Richard stützt sich in seiner Darstellung der Grundsituation des menschlichen Daseins auf seinen Vorgänger Hugo und fragt, wie die Teilhabe des Menschen an Gottes Glückseligkeit möglich sei. Das in der Schöpfung grundgelegte Gute leuchte aus dem Menschen hervor. Doch durch die Erbsünde ist der Mensch »nicht in der Lage, zu erkennen, in welcher Richtung er sein Heil zu suchen hat«, seine Willensfreiheit sei geschwächt (23.25). Gegen die drei Übel (Unkenntnis des Guten, Be­gierde nach dem Bösen und Schwäche des Körpers) gäbe es drei Gegenmittel ( sapientia, virtus, necessitas). Um dem Menschen seine ursprüngliche Würde zurückzugeben, wurde Gott Mensch und stiftete die Sakramente. Im Schöpfungswerk ist sein Heilswerk grundgelegt. Im Benjamin minor analysiert Richard den Erkenntnisprozess und differenziert dabei anhand der Schriftauslegung das menschliche Erkenntnisvermögen. Das ist für Richards Denken von zentraler Bedeutung. Nicht durch Vorstellungskraft und Vernunft allein, sondern erst durch die hinzukommende Einsicht wird der geistliche Aufstieg möglich. In diesem Zusammenhang geht der Vf. auf sein Verständnis des vier­-fachen Schriftsinns ein. Zunächst wird gesagt: »Aufgrund der Geschichte ( historia) lernen wir, was (von Gott) geschaffen worden ist« (55). Mit historia ist die Heilsgeschichte gemeint. Um den mystischen Sinn zu erfassen, muss auf dem Fundament der historia das in ihr geoffenbarte Heilsgeheimnis durch den sensus allegoricus tief erfasst werden. Er spielt die Schlüsselrolle in der Schriftauslegung, historische Auslegung reicht nicht aus, unklare Bibelstellen zu verstehen. Die anagogische Auslegung zielt darauf, die verheißenen Güter im Blick auf das Eschaton zu erhellen, die tropologische darauf, die erworbenen Einsichten auf den Lebenswandel anzuwenden. »Richards Darlegung der Lehre von der Schau gilt als seine hervorragende Leistung im Bereich der theologischen Anthropologie« (79).

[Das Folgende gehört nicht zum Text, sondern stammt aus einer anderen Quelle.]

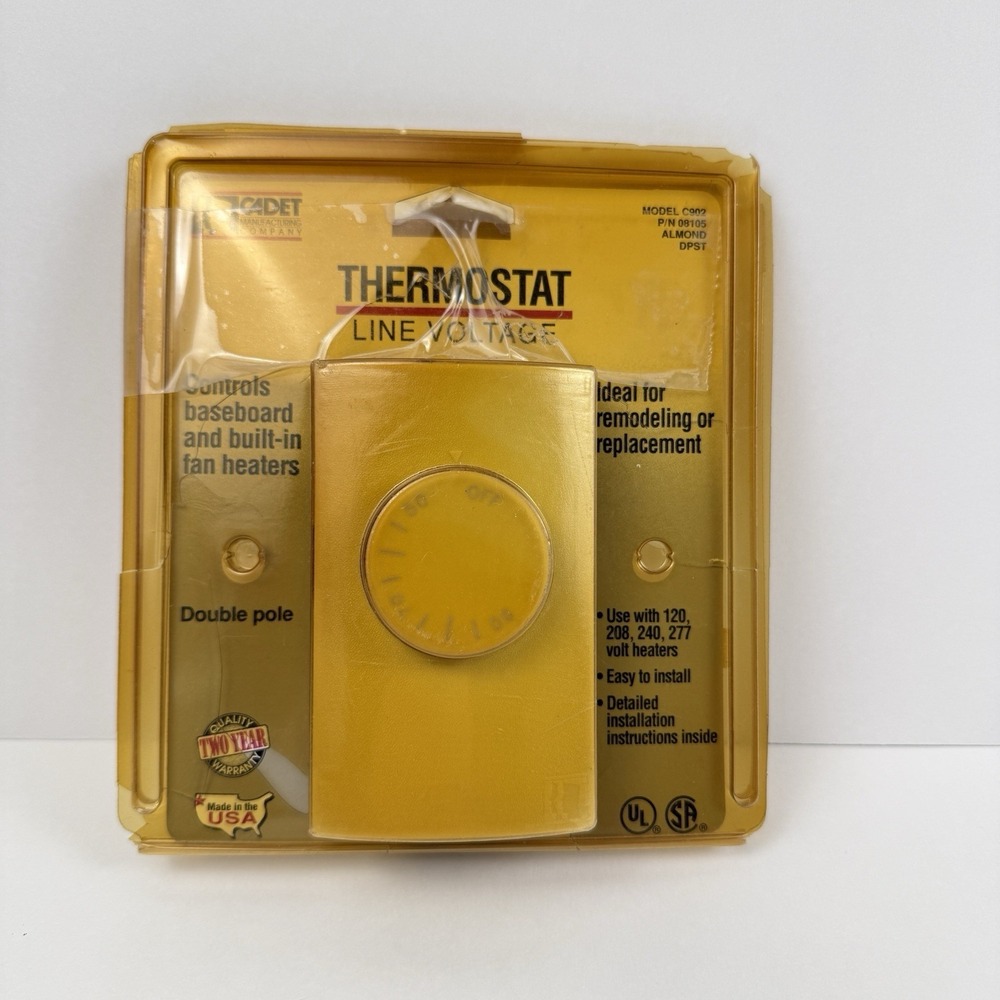 CADET Thermostat C902 Double Pole Line Voltage Wall Baseboard Made USA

In Teil II (83–327) wird nun Richards Durchführung der Tropologie in seinen beiden Benjamin-Schriften untersucht: Die gesamte Tropologie im Benjamin minor »führt aus, wie der Mensch durch die Bildung der Tugenden und die Anordnung der Erkenntnistätigkeiten schließlich die höchste Gottesschau erreichen soll«; personifiziert wird die Gotteserkenntnis durch die Gestalt des Benjamin. Es wird aufgezeigt, wie die Schriftzeugnisse (Gen 35,18, Mt 17,1–8, Ps 67,28) übereinstimmen und wie die kontemplative Gottesschau ermöglicht wird. Dies geschieht auf zwei Wegen: Wissen und Erfahrung (84–87).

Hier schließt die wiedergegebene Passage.